### What is expected
In the data that follows, find the line containing "SNUGZ - body align snuggi"; then quote that line and every line after it, exactly, through the last one.

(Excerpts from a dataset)
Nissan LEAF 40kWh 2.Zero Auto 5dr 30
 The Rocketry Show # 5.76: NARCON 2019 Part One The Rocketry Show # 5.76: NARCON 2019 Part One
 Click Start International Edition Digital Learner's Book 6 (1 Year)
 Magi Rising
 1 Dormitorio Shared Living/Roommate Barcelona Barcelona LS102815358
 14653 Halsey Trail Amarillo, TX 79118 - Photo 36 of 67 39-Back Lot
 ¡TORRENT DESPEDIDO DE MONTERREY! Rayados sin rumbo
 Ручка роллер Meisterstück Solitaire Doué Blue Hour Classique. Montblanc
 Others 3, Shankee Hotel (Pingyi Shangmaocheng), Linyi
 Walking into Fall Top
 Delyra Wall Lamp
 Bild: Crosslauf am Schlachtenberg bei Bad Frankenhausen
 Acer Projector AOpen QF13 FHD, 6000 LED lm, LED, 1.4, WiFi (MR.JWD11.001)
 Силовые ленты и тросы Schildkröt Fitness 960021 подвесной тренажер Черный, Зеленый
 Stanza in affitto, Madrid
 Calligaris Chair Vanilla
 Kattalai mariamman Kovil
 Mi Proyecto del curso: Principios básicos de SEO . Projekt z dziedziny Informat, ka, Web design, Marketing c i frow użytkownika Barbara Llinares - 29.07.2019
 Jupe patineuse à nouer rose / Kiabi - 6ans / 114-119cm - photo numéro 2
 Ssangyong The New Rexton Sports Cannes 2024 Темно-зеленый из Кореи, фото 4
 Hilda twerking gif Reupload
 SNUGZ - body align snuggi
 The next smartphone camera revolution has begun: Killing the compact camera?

### Solution
 SNUGZ - body align snuggi
 The next smartphone camera revolution has begun: Killing the compact camera?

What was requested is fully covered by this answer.